Hasil gambar untuk djawastin hasugian


I.                   IDENTITAS BUKU
a.       Judul                           : Dikejar Bayangan
b.      Nama Pengarang         : Djawastin Hasugian
c.       Tahun Terbit               : Tahun 2007
d.      Cetakan                       : Cetakan ke-9
e.       Tebal Buku                 : 104 Halaman
Sinopsis
            Pak Rambe adalah seorang duda yang baru saja ditinggal oleh istrinya selama dua bulan. Sekarang ini, ia tinggal bersama kedua anak dan Ibunya. Pak Rambe masih sering merasakan kehadiran istrinya di sisinya. Bukan hanya Pak Rambe saja yang merasakannya, namun anak dan Ibunya-pun masih merasakannya.

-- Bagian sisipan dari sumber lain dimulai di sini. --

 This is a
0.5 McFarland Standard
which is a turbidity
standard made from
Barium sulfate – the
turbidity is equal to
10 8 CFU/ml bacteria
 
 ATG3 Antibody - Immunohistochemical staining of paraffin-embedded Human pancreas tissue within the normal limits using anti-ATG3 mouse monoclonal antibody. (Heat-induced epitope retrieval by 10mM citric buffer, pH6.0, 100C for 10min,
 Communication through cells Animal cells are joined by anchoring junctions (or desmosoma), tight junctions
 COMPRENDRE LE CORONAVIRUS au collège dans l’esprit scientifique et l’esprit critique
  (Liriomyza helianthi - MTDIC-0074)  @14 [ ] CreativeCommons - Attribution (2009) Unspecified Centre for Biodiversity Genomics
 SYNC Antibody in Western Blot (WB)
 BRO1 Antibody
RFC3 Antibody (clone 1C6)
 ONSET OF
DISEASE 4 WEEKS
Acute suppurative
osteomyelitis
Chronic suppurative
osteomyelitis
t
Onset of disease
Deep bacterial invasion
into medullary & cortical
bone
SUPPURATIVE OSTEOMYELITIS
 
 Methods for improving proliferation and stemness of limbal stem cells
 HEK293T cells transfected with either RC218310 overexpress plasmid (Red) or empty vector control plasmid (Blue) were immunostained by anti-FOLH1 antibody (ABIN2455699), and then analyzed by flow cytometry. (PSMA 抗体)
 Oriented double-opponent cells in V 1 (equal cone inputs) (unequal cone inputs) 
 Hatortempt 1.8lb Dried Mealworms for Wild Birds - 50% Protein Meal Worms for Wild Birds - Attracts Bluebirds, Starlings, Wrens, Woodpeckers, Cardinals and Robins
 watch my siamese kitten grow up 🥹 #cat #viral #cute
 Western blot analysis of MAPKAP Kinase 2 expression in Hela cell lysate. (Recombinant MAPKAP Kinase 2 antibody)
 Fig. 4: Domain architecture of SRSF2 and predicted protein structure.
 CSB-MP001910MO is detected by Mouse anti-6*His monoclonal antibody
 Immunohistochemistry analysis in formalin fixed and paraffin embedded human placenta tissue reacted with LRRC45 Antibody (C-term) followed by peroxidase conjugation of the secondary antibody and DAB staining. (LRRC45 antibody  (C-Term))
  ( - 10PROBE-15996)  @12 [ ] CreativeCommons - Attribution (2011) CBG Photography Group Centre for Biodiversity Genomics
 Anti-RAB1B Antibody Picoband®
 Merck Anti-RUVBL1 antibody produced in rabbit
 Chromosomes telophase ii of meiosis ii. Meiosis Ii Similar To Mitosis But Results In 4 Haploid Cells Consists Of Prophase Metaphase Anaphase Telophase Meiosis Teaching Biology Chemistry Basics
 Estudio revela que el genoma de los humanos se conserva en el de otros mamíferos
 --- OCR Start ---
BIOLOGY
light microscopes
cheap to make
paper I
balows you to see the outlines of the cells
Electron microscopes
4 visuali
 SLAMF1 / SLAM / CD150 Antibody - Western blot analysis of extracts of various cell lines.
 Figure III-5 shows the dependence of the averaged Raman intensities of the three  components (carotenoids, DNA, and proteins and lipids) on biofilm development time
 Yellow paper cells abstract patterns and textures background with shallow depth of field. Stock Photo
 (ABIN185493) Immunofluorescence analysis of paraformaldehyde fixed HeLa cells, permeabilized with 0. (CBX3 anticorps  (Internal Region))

            Pagi itu cuacanya sangat cerah, Pak Rambe sedang berada di tengah pekarangan rumah, membakar sampah sambil menunggu anak – anak dan Ibunya yang terlalu lama pulang dari bukit. Ia menduga bahwa Mufti, Fitri, dan Ibunya pergi ziarah ke makam istrinya. Tetapi tak lama kemudian, terdengar suara mereka dari jalan mendaki di belakang rumah. Ketika mereka semua sedang berkumpul di tengah pekarangan, tiba – tiba ada seekor elang yang berputar diatas kepala mereka. Mereka merasakan bulu kuduk mereka mulai berdiri, entah karena apa. Mereka memang beragama,  namun mereka masih percaya takhyul yang mengatakan bahwa jika ada elang berputar diatas kepala mereka, maka itu berarti ada bayangan orang yang sudah meninggal yang sedang ingin bertemu. Untungnya yang percaya takhyul itu hanyalah Mufti dan Fitri, Pak Rambe mencoba untuk menjelaskan kepada mereka bahwa itu bukanlah bayangan dari Ibunya.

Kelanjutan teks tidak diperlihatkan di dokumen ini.